After nearly 30 years, database integration remains the province of engineers and application developers. In an informal proof, Krishnamurthy, Litwin and Kent [KLK91] demonstrated that only higher order relational languages such as SchemaSQL and SchemaLog [LSS96] are general enough to concisely describe the merging of data from multiple heterogeneous sources. However, those languages are incrementally harder to program than SQL. A modern solution is to provide a GUI language with the same capabilities. However, a Query-by-Example (QBE) [Zloof77] type interface does not allow the unambiguous specification of higher order data integrating queries. We propose an architecture comprising three layers. In the middle layer, the user expresses the desired federated view through a QBE inspired user interface. Further learning proceeds via a sample selection method asking the user to validate examples of federated records. This interaction ends when the system is satisfied it has converged to the exact view definition the user intends. The bottom layer provides the execution mechanism for higher order data manipulations by compiling higher order relational definitions into first-order SQL programs. The top layer component of the architecture assists the learning algorithm by collecting meta-data and catalog statistics. Our primary contributions comprise a taxonomy examining trade-offs between complexity and completeness and identifying various classes of higher order relational data manipulations. The architecture delimits three separate challenges, which must be overcome in order to propose a solution. Our compilation for SchemaSQL proposes novel theoretical complexity guarantees. Type-based vertical partitioning of the meta- data ensures that the result can be properly optimized by existing SQL engines. Sample selection constraints specific to databases require the introduction of a third kind of instance label in the training set of our learner.
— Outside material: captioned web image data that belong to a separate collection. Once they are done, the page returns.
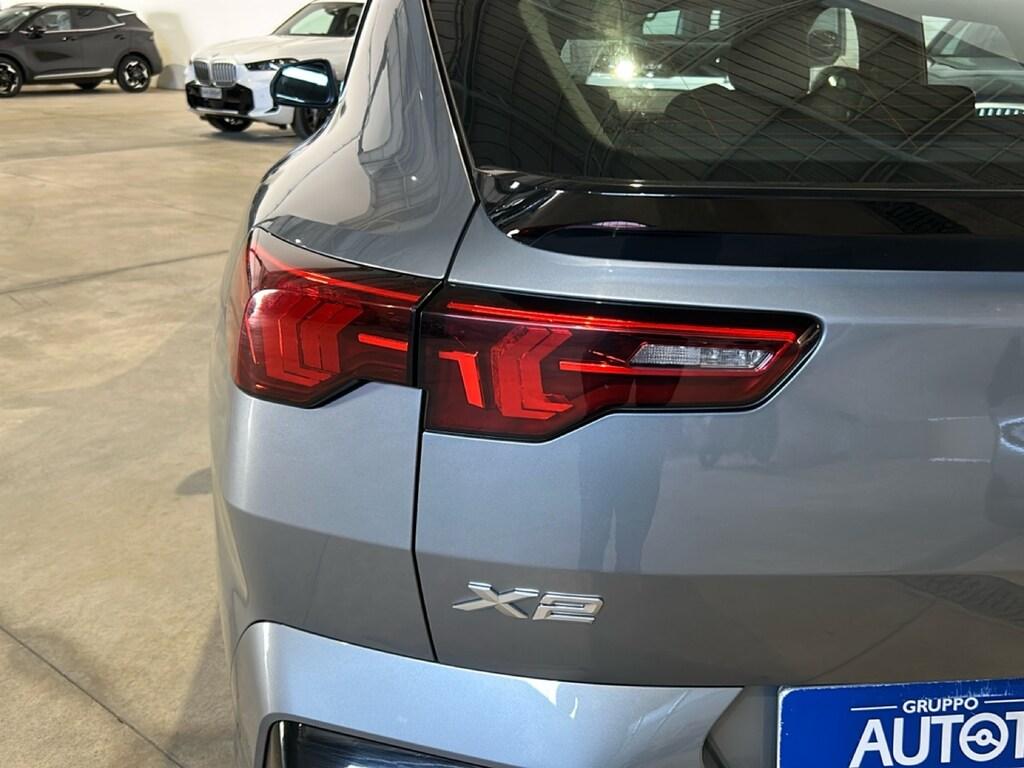 BMW X2 sdrive 20d 48V MSport auto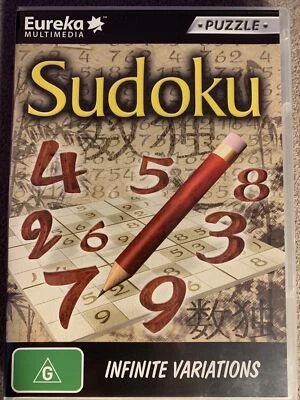 PC Games: Sudoku Puzzles - Infinite Variations (Windows 98. ME. 2000. XP & More) - Image 1 of 2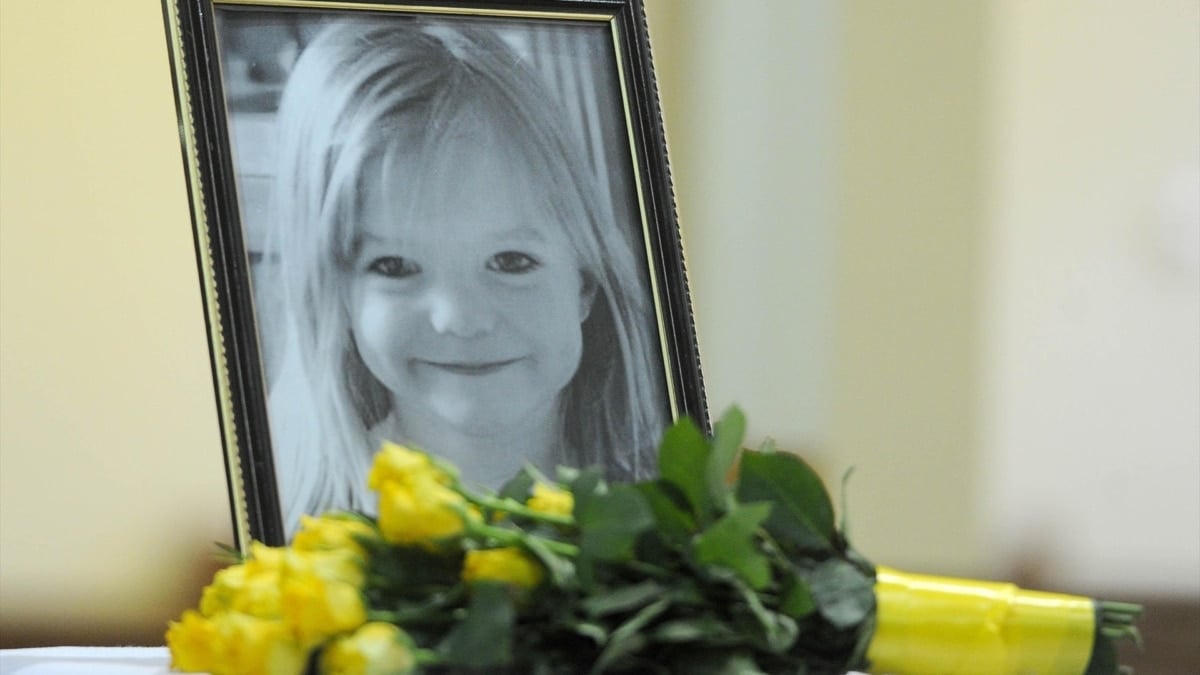 Imagen de la pequeña Madeleine McCann.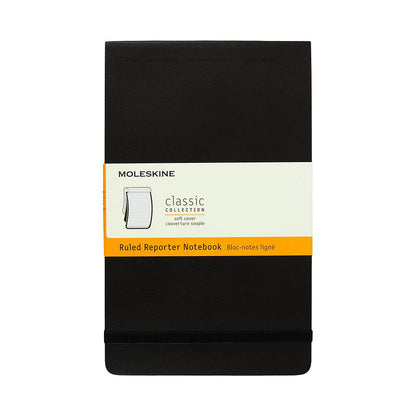 Moleskine Classic Reporter Large Notebook Soft Cover Ruled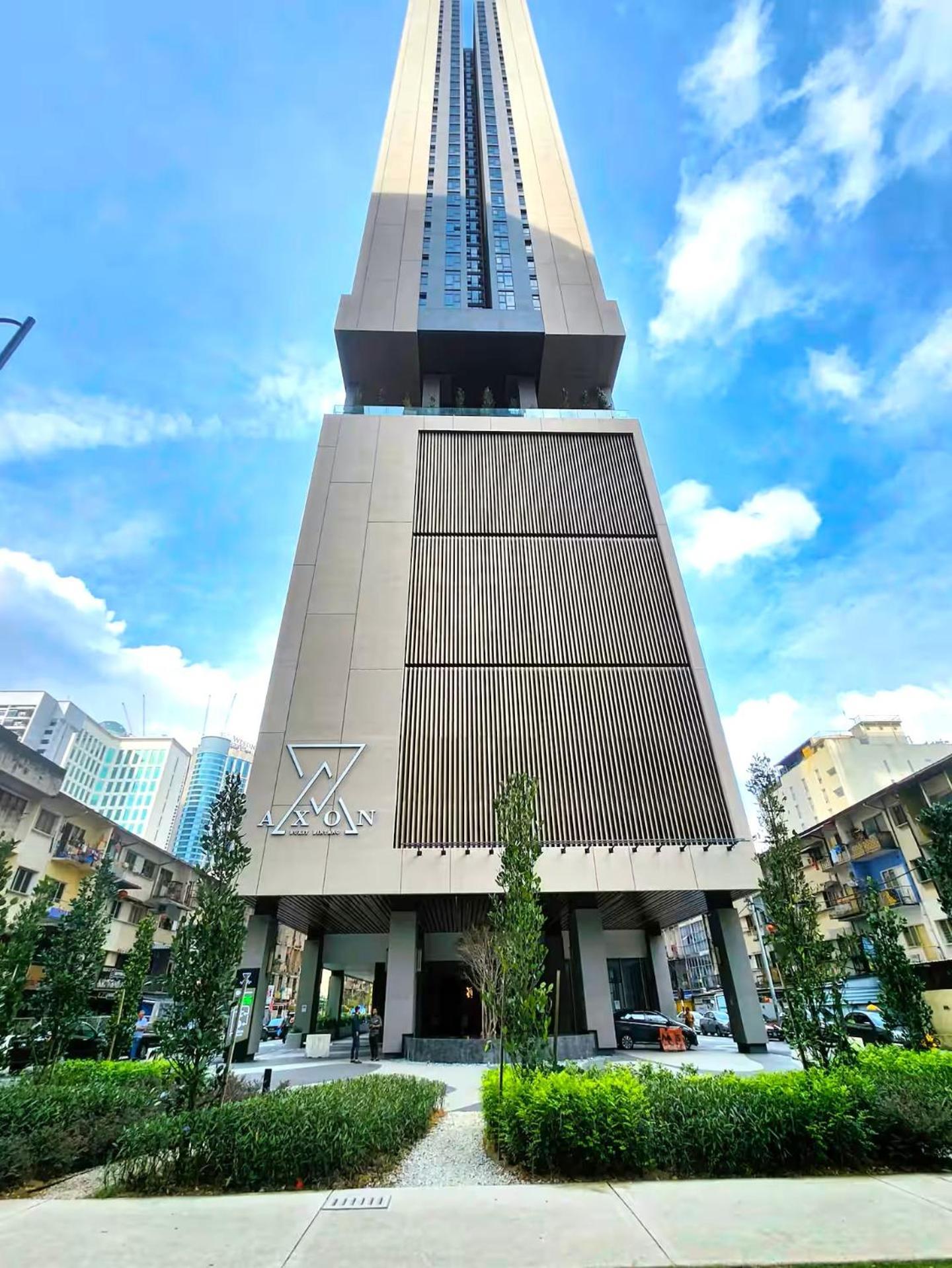 Axon Residence Bukit Bintang Kuala Lumpur Exterior foto
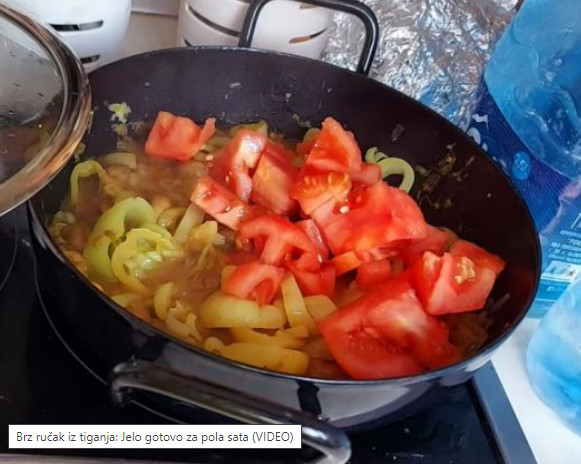 IDEJA ZA BRZ I JEFTIN RUČAK Jelo iz tiganja gotovo za pola sata
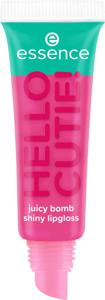 essence Say It With Juicy Hello Cutie! Juicy Bomb Shiny Lipgloss 02 10 ml produkt bild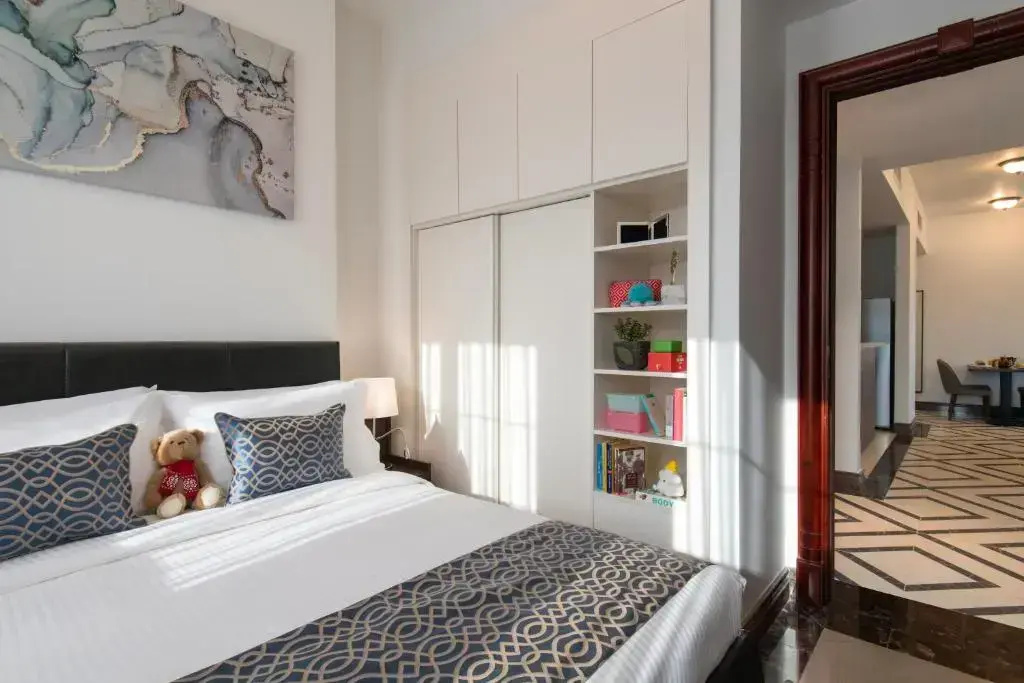 2 Bedrooms Deluxe Apartment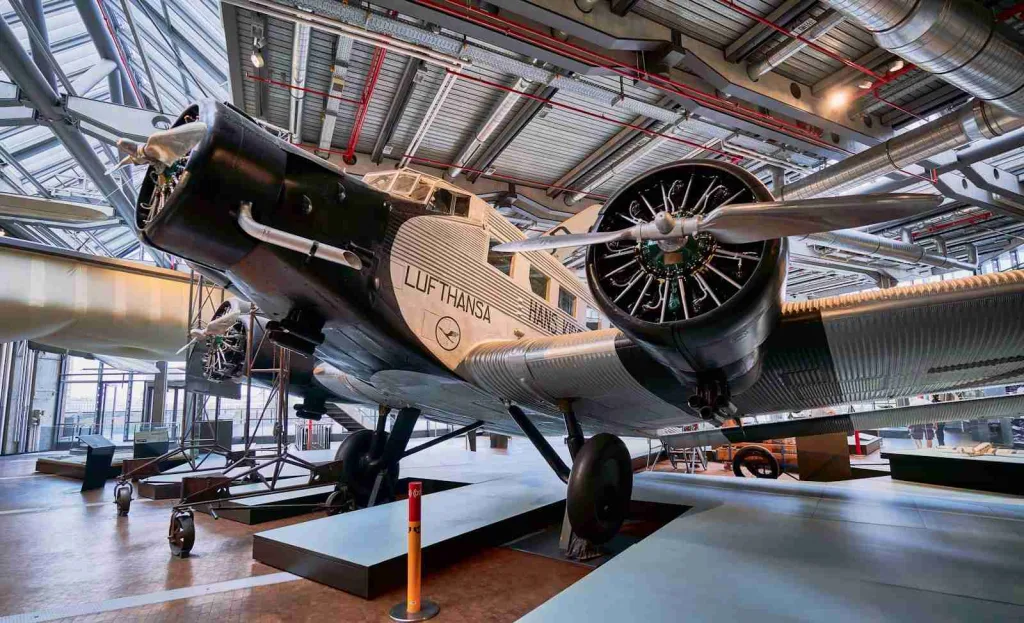 23 Fun Facts about Aluminum | Metallic Marvels 4 an airplane is on display in a museum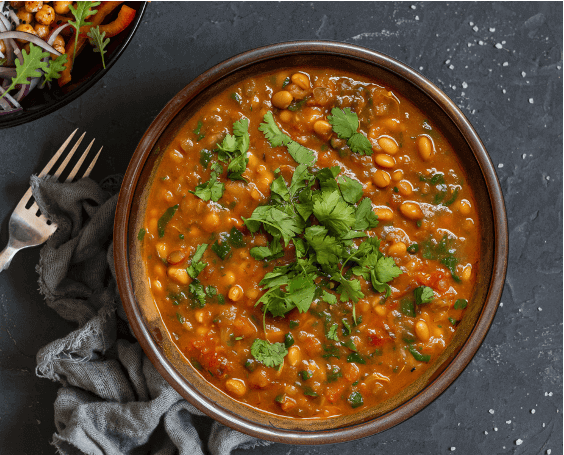 Peeled Fava Beans with Liver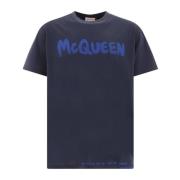 Graffiti T-shirt af McQueen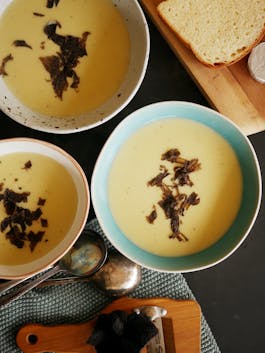 Truffled Potato Soup OH P Thermomix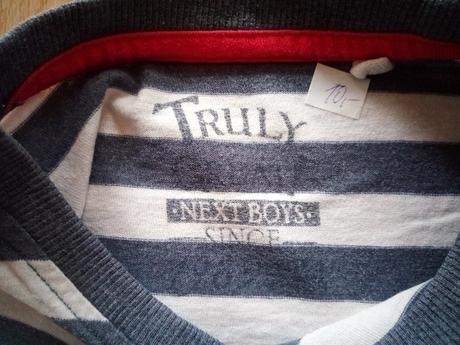 4 x tričko, vel 110/116, next, lindex, fdor boys.., next,110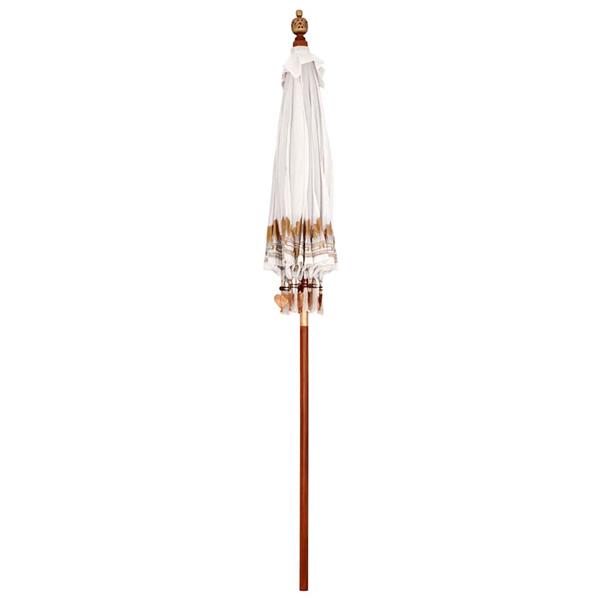 Grote foto vidaxl parasol anders cr me x 250 cm tuin en terras overige tuin en terras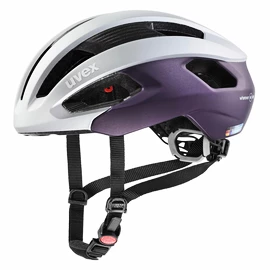 Cyklistická prilba Uvex Rise CC fialová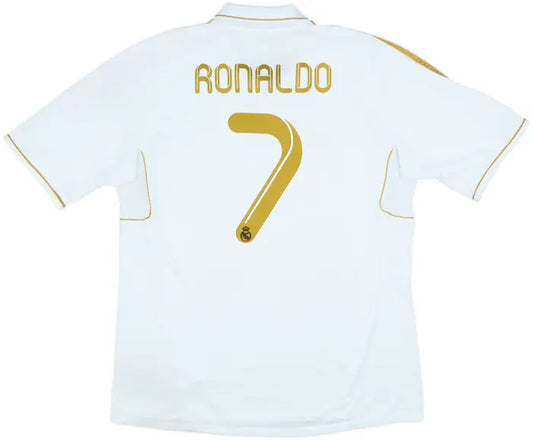 2015-16 Real Madrid Home Shirt #7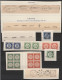 Oversea: 1860/1900 (ca.), Forgeries/Reference Collection, Comprising E.g. Mexico - Collections (with Albums)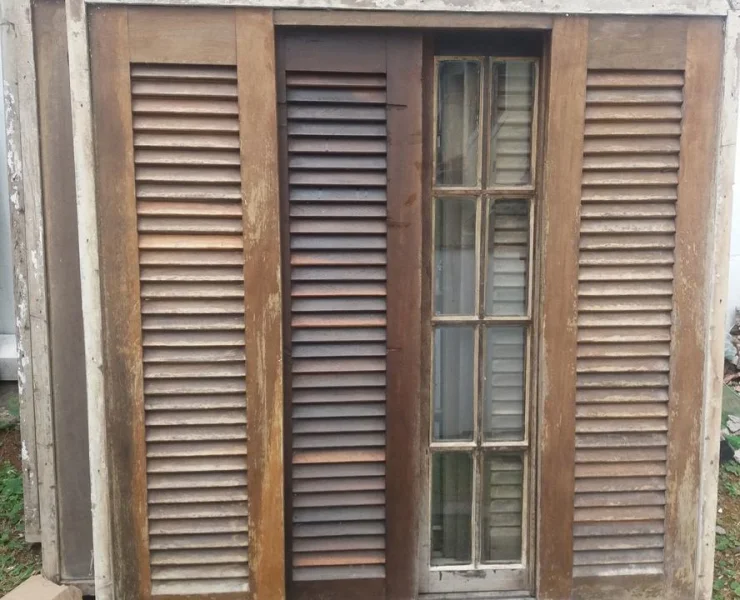 Janelas de Madeira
We derive a new algorithm by modifying Mitchell’s version spaces [Mitchell82] in order to handle this new kind of label. We prove that the modified algorithm preserves the original properties of version spaces and avoids the possibility of deadlock. We introduce a sample selection heuristic that converts catalog statistics into a classic inductive bias. Finally, we develop the Sphinx prototype, carry out experiments and demonstrate the system on an application.